Reading List: Convolutional Neural Networks in Document Recognition, Yann LeCun, 1998
This is the first post in Reading List series where I recap important papers as part of continuing my data science education.
Gradient_Based Learning Applied to Document Recognition by Y. LeCun, L. Bottou, Y. Bengio and P.Haffner.
I start with this paper as it advances a deep learning class that is essentially computers’ vision and hearing, enabling real-life applications such as safe self-driving cars and reading of radiology images.
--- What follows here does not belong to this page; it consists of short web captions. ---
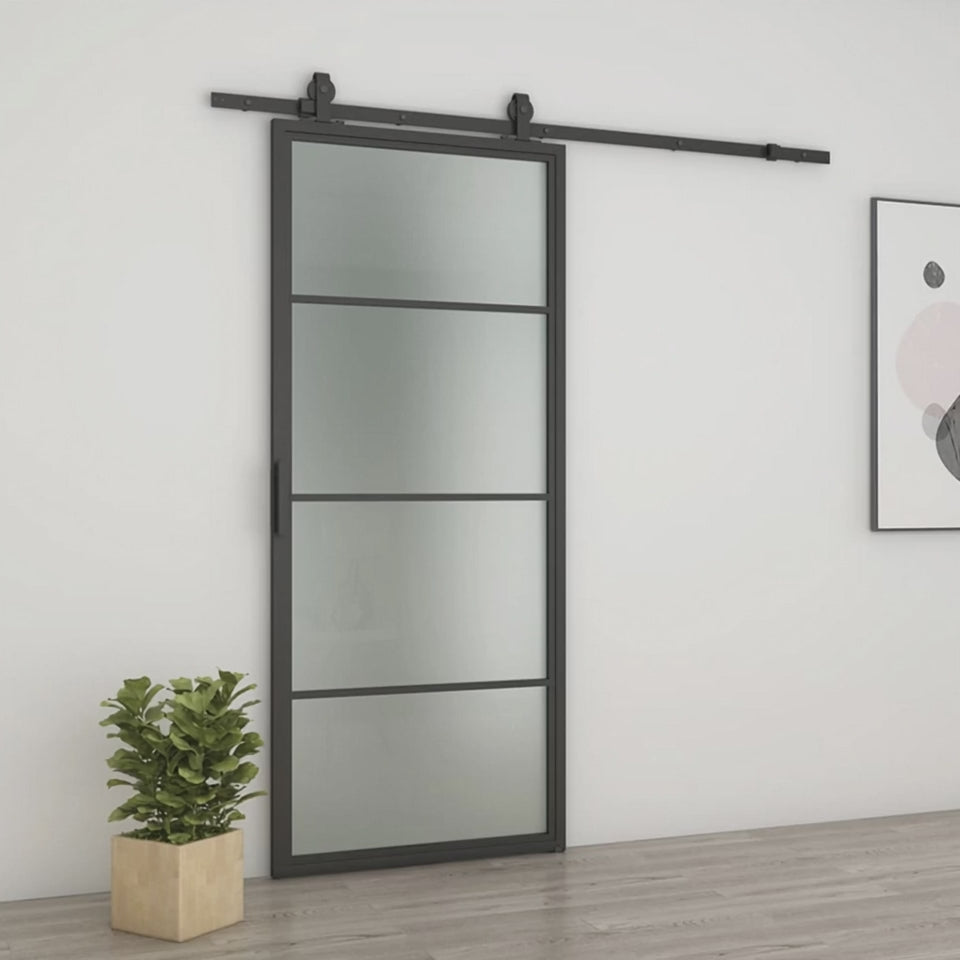 4 Lite Interior Steel French Barn Door Frosted Glass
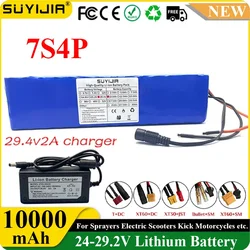 New 18650 7S4P 24V 10000mAh Rechargeable Li-ion Battery Pack Built-in BMS for Model Airplanes Electric Tools+ 29.4v 2A Charger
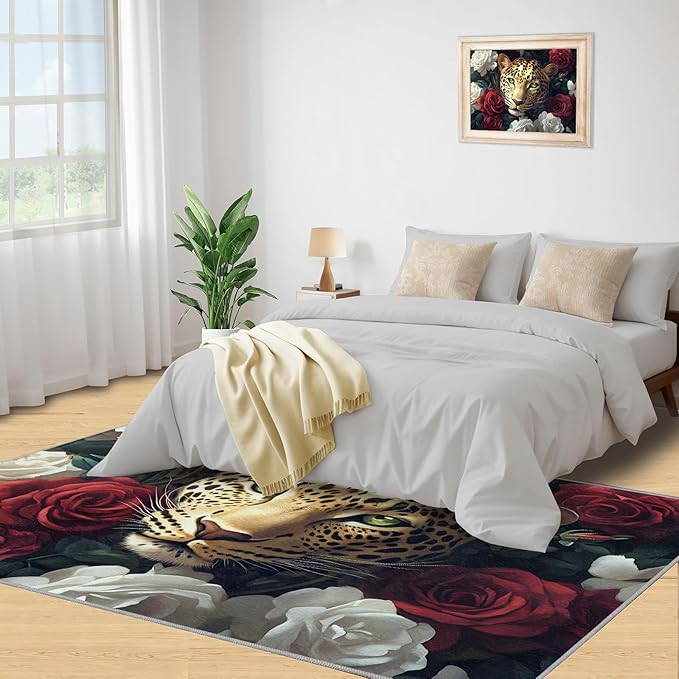 Leopard Rugs for Bedroom - 5x6 Area Rug - Flowers Leopard Rugs for Living Room, 3D Flowers Animal Rug, Washable Home Decor Carpet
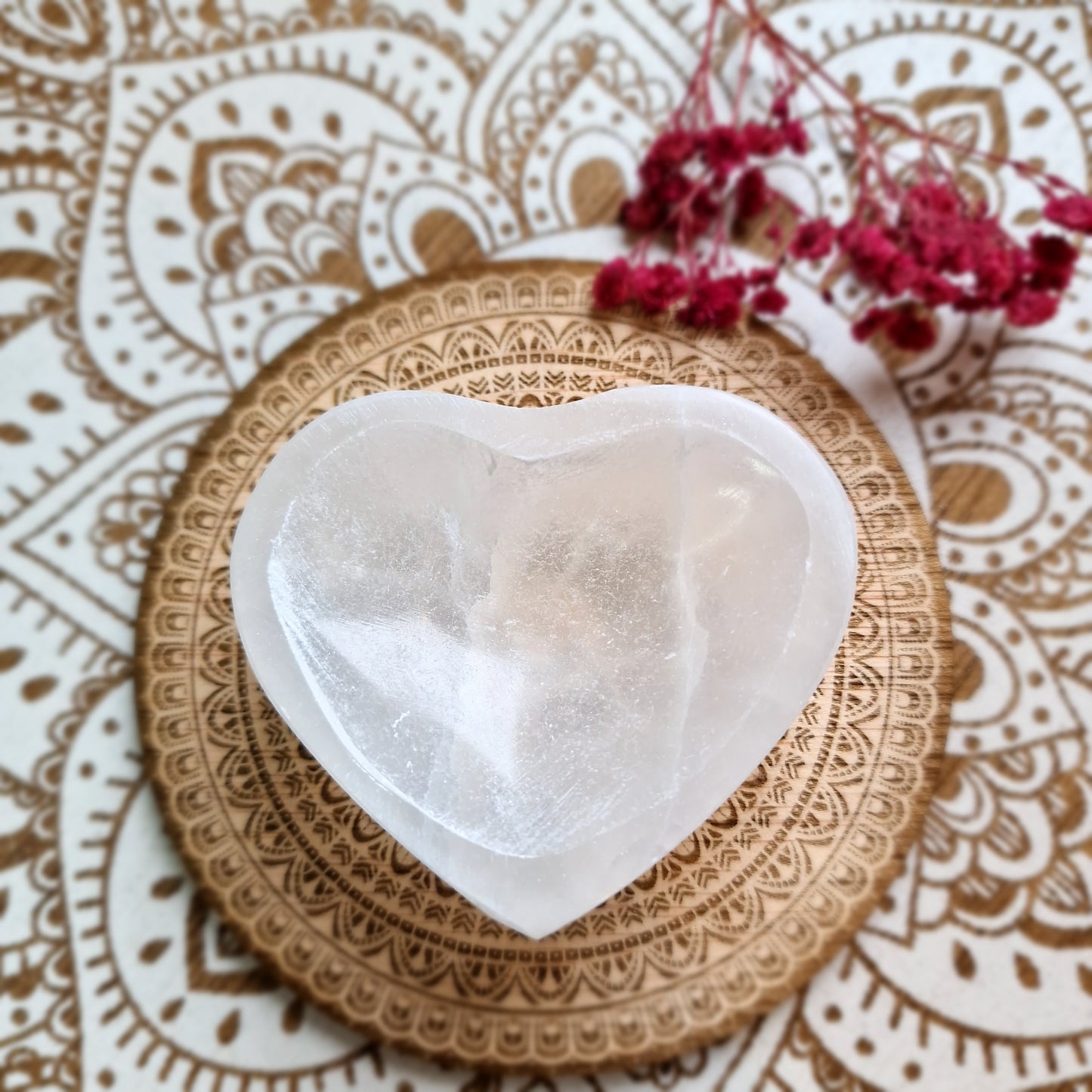 Cuenco MINI de selenita en forma de Corazón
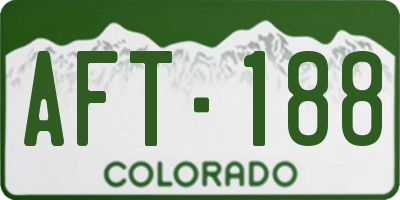 CO license plate AFT188
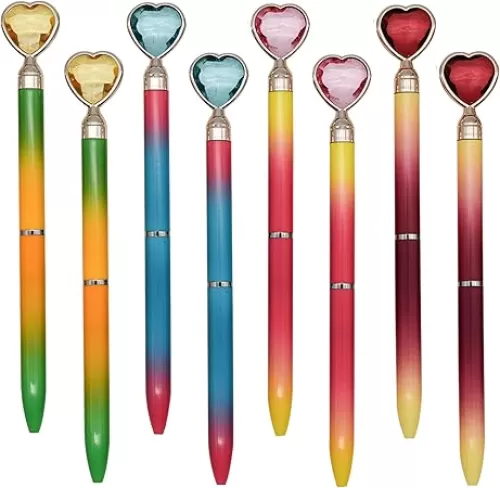 Maydahui 12 PCS Colorful Heart Shaped Ballpoint Pens Retractable Bling Rhinestones Pen Black Ink for Girls School Office Party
In discussing solutions to high-dimensional pattern recognition, ie handwritten character or speech, the paper shows that automatic learning machines that operate directly on pixel images are more accurate than hand-crafted individually designed feature extraction modules.
It thus suggested a then-new paradigm of globally trained Graph Transformer Networks, the core of which is a Convolutional Neural Network.
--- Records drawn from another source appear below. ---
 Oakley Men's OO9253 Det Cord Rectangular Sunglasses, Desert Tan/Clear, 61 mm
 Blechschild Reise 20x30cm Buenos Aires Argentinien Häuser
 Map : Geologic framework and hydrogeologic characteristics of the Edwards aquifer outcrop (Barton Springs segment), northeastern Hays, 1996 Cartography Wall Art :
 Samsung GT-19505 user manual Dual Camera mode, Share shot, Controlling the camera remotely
The three conditions that allowed for this progress are: one, low-cost machines with brute-force arithmetic methods; two, large databases for problems with a wide market interest and three, powerful machine learning techniques that can handle high-dimensional inputs and can generate intricate decision functions.
Nuggets:
-
While more automatic learning is beneficial, no learning technique can succeed without a minimal prior knowledge about the task.
-
Gradient-based learning draws on the fact that it is much easier to minimize the loss on a smooth continuous function than a discrete one, as estimated by the impact of small variations of the parameter values.
-
The basic idea of back-propagation is that gradients can be computed efficiently by propagation from the output to input.
Keywords: Neural Networks, OCR, Document Recognition, Machine Learning, Gradient-Based Learning, Convolutional Neural Networks, Graph Transformer Networks, Finite State Transducers.